Blah, let's not begin this column that way. Though, technically, Oumuamua has moved over; it's somewhere in our solar system, but too faint to see.
I'm talking, of course, about the interstellar visitor that shot its way through the solar system starting in late 2017. Oumuamua was a rock from a distant solar system, one that somehow got detached from its home and hurtled around our sun. The object so fascinated astronomers that some thought that due to its strange shape it could be not a rock, but some sort of artificial object — a ship or probe — scouting our solar system.
There's always a chance that someone somewhere out there would send probes or manned ships to Earth.

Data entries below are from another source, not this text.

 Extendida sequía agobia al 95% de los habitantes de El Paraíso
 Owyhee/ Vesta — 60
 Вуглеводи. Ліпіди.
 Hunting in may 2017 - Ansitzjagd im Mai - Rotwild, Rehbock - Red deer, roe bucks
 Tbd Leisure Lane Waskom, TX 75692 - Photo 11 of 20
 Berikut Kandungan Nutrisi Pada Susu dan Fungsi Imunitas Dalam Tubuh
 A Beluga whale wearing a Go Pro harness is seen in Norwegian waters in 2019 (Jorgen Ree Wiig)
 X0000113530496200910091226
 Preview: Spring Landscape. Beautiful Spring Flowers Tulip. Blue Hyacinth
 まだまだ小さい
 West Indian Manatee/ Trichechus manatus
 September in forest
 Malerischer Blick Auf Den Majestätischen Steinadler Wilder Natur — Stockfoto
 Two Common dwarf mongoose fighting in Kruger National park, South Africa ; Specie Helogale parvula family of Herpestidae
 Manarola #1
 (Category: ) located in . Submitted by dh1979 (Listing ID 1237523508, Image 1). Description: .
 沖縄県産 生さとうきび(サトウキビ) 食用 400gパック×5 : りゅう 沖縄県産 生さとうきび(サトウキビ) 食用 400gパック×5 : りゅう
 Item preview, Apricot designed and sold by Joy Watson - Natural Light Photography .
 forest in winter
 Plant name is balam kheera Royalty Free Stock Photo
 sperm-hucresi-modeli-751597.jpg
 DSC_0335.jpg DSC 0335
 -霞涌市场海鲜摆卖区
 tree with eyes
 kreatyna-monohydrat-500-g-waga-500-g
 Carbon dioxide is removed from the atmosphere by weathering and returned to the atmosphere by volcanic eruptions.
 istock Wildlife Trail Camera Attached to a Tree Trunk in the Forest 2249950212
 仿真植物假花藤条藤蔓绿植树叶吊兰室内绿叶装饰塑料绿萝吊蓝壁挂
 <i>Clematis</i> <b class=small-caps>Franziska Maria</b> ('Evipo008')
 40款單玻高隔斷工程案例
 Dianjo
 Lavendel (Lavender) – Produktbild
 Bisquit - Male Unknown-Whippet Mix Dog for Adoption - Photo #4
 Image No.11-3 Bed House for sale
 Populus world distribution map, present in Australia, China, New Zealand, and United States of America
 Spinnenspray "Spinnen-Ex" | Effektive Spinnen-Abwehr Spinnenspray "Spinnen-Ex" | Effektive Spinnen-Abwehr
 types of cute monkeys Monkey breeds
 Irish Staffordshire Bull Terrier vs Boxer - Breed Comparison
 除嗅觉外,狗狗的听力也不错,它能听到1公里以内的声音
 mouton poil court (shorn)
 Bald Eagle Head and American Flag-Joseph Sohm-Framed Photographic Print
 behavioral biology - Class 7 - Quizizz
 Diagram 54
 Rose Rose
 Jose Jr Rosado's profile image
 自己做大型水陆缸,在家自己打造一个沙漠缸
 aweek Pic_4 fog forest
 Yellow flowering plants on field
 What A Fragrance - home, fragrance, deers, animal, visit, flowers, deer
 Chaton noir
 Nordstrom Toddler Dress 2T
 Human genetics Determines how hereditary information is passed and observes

I think, though, that if Oumuamua had truly been a ship filled with extraterrestrial visitors, it would be grand and readily apparent that's what it was. Not some object that's strangely shaped that could be a spaceship, but, well, probably was not.
Anyhow, now there is a new interloper encroaching on our solar system.
An object — a comet, to be more precise — called C/2019 Q4 was discovered Aug. 30 on a trajectory that points to an origin outside the Sol system.
According to NASA, the comet will go through the inner planet ecliptic plane at about a 40 degree angle. Another clue to its possible origin is that it's traveling extremely fast — 93,000 mph — for an object its distance from the sun.
This is indeed a comet; its fuzzy appearance through telescopes gives away its both gaseous and rocky nature. Remember, comets are "dirty snowballs" traveling around the sun (or to other suns!).
In other words, there will be no debating whether this one is a spaceship.
This newest discovery, if indeed the comet's origin is confirmed, does raise questions though. Just how common are visits from objects outside our solar system? And where are they all coming from? Furthermore, what is it that brings these objects into our neck of the woods?